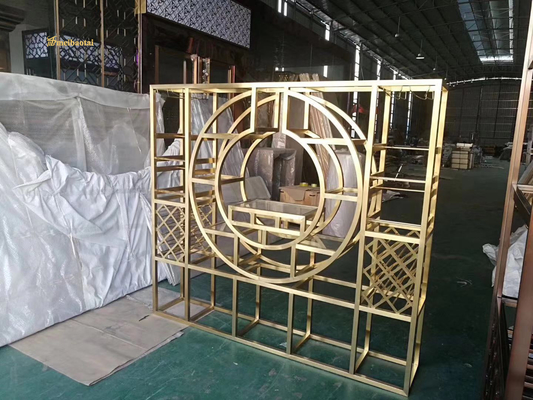 Gold Mirror  Hairline Stainless Steel Room Divider Decoration Room ,Lobby
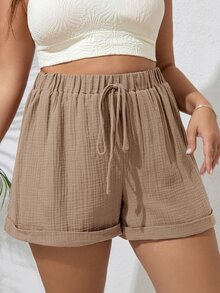 SHEIN VCAY 大码女式纯色腰系带宽松休闲短裤 - 駝色 - 查看 7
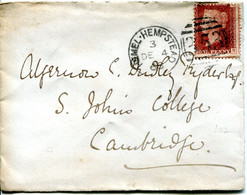 Great Britain - England 1866 Cover Hemel Hempstead To St Johns College, Cambridge - 1d Red - Plate 102 - Covers & Documents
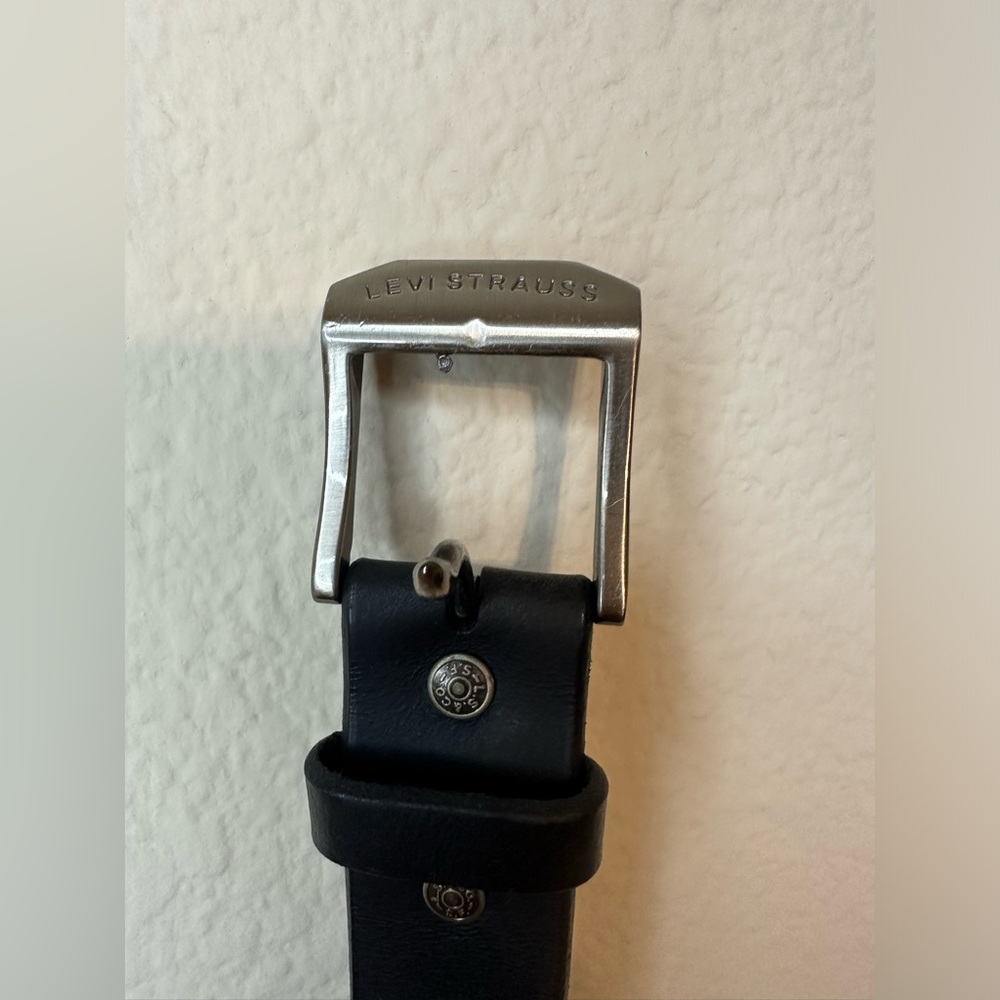 Levi's Black Leather Belt with Silver Buckle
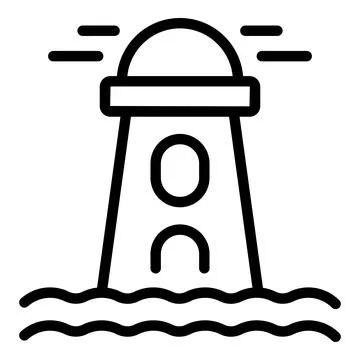 Lighthouse icon outline vector. Safety water Stock Illustration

WHAT TO PRODUCE » Leave out the pictures, and write out exactly the lines from the one containing "Levi's Black Leather Belt with Silver Buckle" through the last line of the listing, both included.

PROBLEM SOLUTION »
 Levi's Black Leather Belt with Silver Buckle
 Lighthouse icon outline vector. Safety water Stock Illustration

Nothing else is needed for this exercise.